Model-based signal extraction was also used in the context of seasonal adjustment where the signal \eta_{t} is assumed to follow an ARIMA model of the Box and Jenkins type, plus a regression model for the deterministic variations. The latter is applied to estimate deterministic components, such as trading-day variations or moving-holiday effects and outliers. Gersch and Kitagawa and Koopman et al. also used signal extraction for seasonal adjustment where the signal \eta_{t} is assumed to follow a structural time series component model cast in state-space representation. Signal extraction, parametric and non-parametric, is also widely applied for forecasting purposes.

The feasibility of the decomposition of a time series was proved by Herman Wold in 1938. Wold showed that any second-order stationary stochastic process \left\{X_{t}\right\} can be decomposed in two mutually uncorrelated processes \left\{Z_{t}\right\} and \left\{V_{t}\right\}, such that

X_{t}=Z_{t}+V_{t}                                                                                                      (6.a)

where

Z_{t}=\sum_{j=0}^{\infty} \psi_{j} a_{t-j}, \psi_{0} \equiv 1, \sum_{j=1}^{\infty} \psi_{j}^{2} \text { < } \infty,                                                   (6.b)
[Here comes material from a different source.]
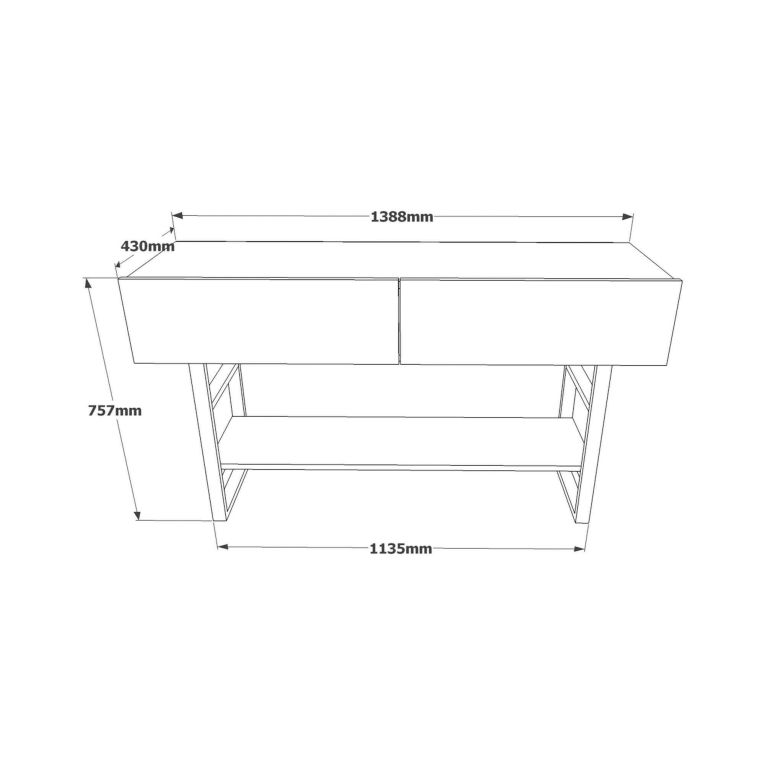 Consolle legno e metallo 139x43x75h cm quercia - Izo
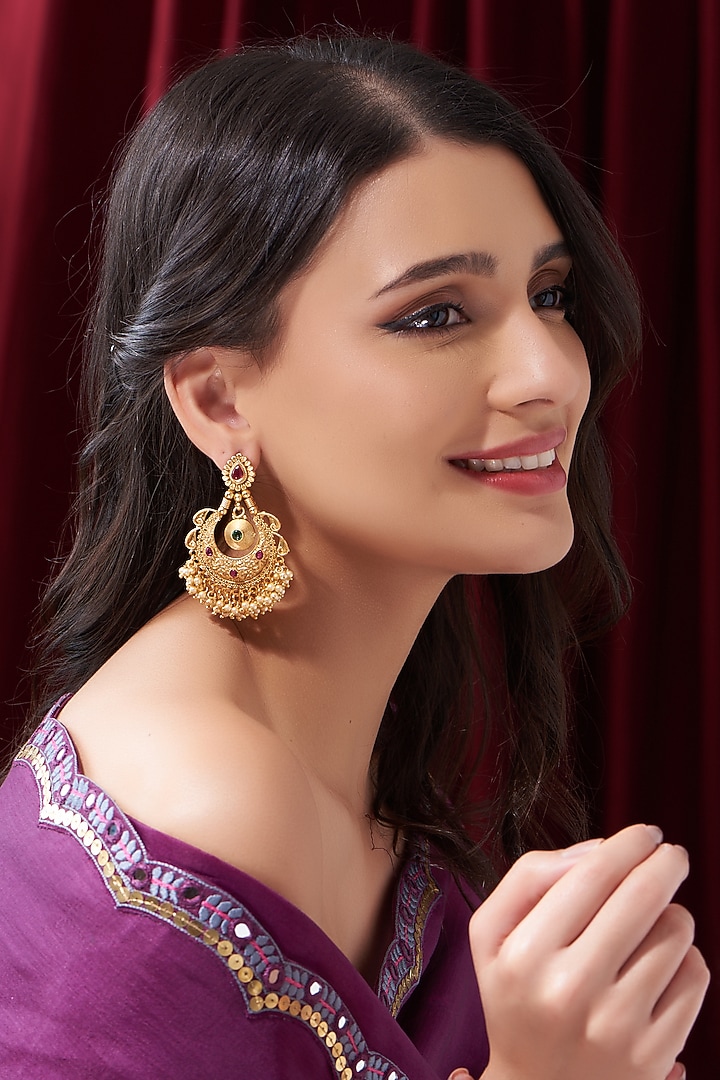 Gold Finish Kundan Polki & Stone Dangler Earrings by VASTRAA Jewellery at Pernia's Pop Up Shop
with \left\{a_{t}\right\} \sim W N\left(0, \sigma_{a}^{2}\right).

Model (6.b) is known as an infinite moving average M A(\infty) where the a_{t}'s are the innovations. \left\{Z_{t}\right\} is a convergent infinite linear combination of the  a_{t}'s, which are assumed to follow a white noise (W N) process of zero mean, constant variance \sigma_{a}^{2}, and zero autocovariance. The component \left\{Z_{t}\right\} is called the nondeterministic or purely linear component since only one realization of the process is not sufficient to determine future values Z_{t+\ell}, \ell>0 , without error. Component \left\{V_{t}\right\} can be represented by

V_{t}=\mu+\Sigma_{j=1}^{\infty}\left[\alpha_{j} \sin \left(\lambda_{j} t\right)+\beta_{j} \cos \left(\lambda_{j} t\right)\right],-\pi \text { < } \lambda_{j} \text { < } \pi                           (6.c)

where \mu is the constant mean of process \left\{X_{t}\right\}  and \left\{\alpha_{j}\right\},\left\{\beta_{j}\right\} are mutually uncorrelated white noise processes. The series \left\{V_{t}\right\} is called the deterministic part because it can be predicted in the future without error from a single realization of the process by means of an infinite linear combination of past values.

Wold theorem demonstrates that the property of stationarity is strongly related to that of linearity. It provides a justification for autoregressive moving average (ARMA) models and some extensions, such as the autoregressive integrated moving average (ARIMA) and regression-ARIMA models (RegARIMA).

A stochastic process \left\{X_{t}\right\} is second-order stationary or weakly stationary, if the first two moments are not time dependent, that is, the mean and the variance are constant, and the autocovariance function depends only on the time lag and not on the time origin, that is,

E\left(X_{t}\right)=\mu \text { < } \infty                                                                                                 (7.a)

E\left(X_{t}-\mu\right)^{2}=\sigma_{X}^{2} \text { < }\infty, E\left[\left(X_{t}-\mu\right)\left(X_{t-k}-\mu\right)\right]=\gamma(k) \text { < } \infty                 (7.b)

where k=0,1,2, \ldots denotes the time lag.